> DIRECTIONS FOR THIS TASK
From first line to last, copy the listing exactly and omit its pictures.

> DATA SECTION
========================

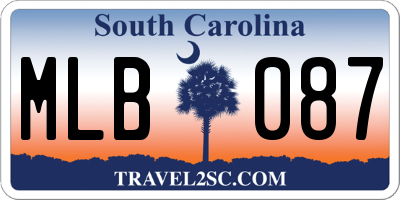 SC license plate MLB087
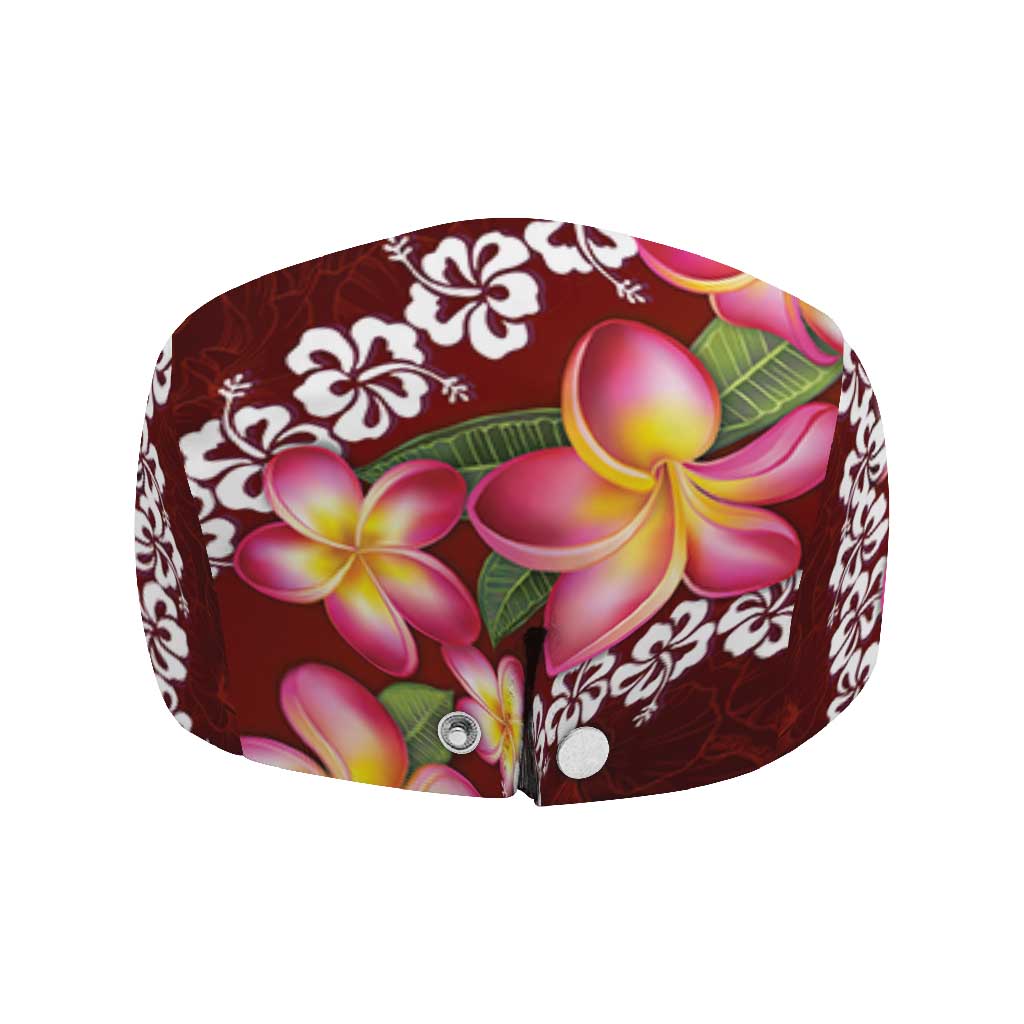 Oxblood Polynesia Jeff Hat Plumeria With Hibiscus Pattern Tropical Vibes - Polynesian Pride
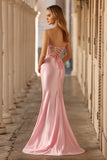Strapless Pink Mermaid Corset Appliqued Sequin Long Prom Dress With Slit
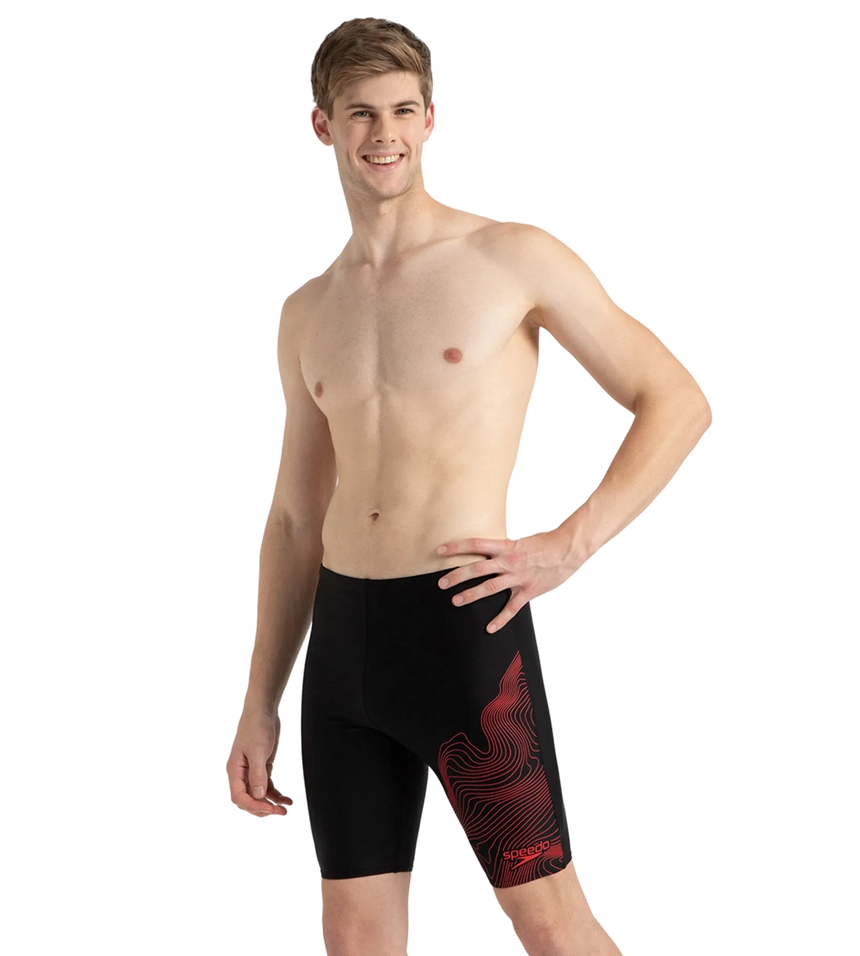 Men's Endurance10 Tide Print Sports Gala Logo Jammer - Black & High Risk Red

========================

> ANSWER SECTION
 SC license plate MLB087
 Oxblood Polynesia Jeff Hat Plumeria With Hibiscus Pattern Tropical Vibes - Polynesian Pride
Strapless Pink Mermaid Corset Appliqued Sequin Long Prom Dress With Slit
 Men's Endurance10 Tide Print Sports Gala Logo Jammer - Black & High Risk Red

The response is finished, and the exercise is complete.